# Handbrake cable adjustment



## TootRS (Apr 21, 2009)

Can anyone advise how I can slacken off the handbrake cable so it effectively needs to be pulled on further to be as effective? The cable itself has been stretched from it's normal position slightly to accommodate larger brake discs and the pads aren't releasing fully now.

TIA


----------



## brittan (May 18, 2007)

The manual shows a compensator unit with central adjusting nut at the rear of the handbrake lever. The cable connect to the compensator unit.
Access to it looks like being via the shallow storage area behind the handbrake.
The manual says: _Use hook to release cover in storage compartment in centre console (rear) and remove cover._


----------



## TootRS (Apr 21, 2009)

brittan said:


> The manual shows a compensator unit with central adjusting nut at the rear of the handbrake lever. The cable connect to the compensator unit.
> Access to it looks like being via the shallow storage area behind the handbrake.
> The manual says: _Use hook to release cover in storage compartment in centre console (rear) and remove cover._


Cheers Brian. I never think to check the manual nowadays given how useful the forum tends to be, I'll have a look.


----------



## TT-driver (Sep 14, 2010)

Correct: it's a rubber cover that can be removed with something sharp at the edges. Underneath is a plastic cover that is kept in place with metal clips. In the past I've bent a screw driver to 90 degrees. That I use now to stick through a hole and pull the whole thing out.

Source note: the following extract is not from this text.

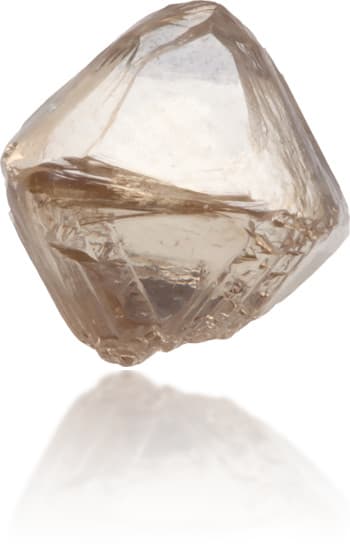 Natural Brown Diamond Rough 1.20 ct Rough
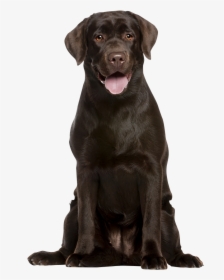 Attentive Chocolate Labrador Retreiver - Labrador Png, Transparent Png, Transparent PNG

I believe the manual says 3 clicks until the brakes should start making contact. I've slackened it a bit to 4, as I got the feeling that the brakes weren't always releasing properly, even after maintenance.


----------



## TootRS (Apr 21, 2009)

Could you point me to the right page in the manual pls? Cant seem to find it


----------



## brittan (May 18, 2007)

Repair Group 46 Brakes (Mechanism); Section 7 Handbrake; Sub Section 7.6 Adjusting Handbrake


----------



## TT-driver (Sep 14, 2010)

Sorry, I meant the _service_ manual.

Was mixing up cars too...

Full text from service manual:

Adjustment is only necessary if handbrake cables, brake calipers or brake discs have been replaced.
♦ Both rear wheels must turn freely when handbrake lever is not pulled (released position).
♦ The handbrake lever must return by itself to released position if not pulled up to the first catch.
♦ The adjustment nut on the compensator must be screwed past the end of the pull rod.

- Release handbrake.
- Use hook to release cover in storage compartment in centre console (rear) and remove cover.
- The handbrake cable -5- must be routed free of stress. Do not pull up the handbrake lever -1- more than 2 degrees when adjusting the handbrake.
- Tighten adjustment nut on compensator -2- until levers on brake caliper -4- lift away from stop -3-.
- The sum of distances -a- between lever on brake caliper -4- and stop -3- on both sides of vehicle must be at least 1 mm
(with handbrake lever in released position).
- The distance on one side must not exceed 4 mm.
- The distance -a- to stop -3- on one side must be greater than 0 mm, however not greater than 4 mm.
- Apply handbrake firmly 3 times and then release. 
- With handbrake released, check whether both wheels turn freely. Check whether the distances -a- meet specifications.
- If the handbrake lever is pulled up to the first catch, there must be a slight brake effect on the rear wheels.
If necessary, adjust via the adjustment nut.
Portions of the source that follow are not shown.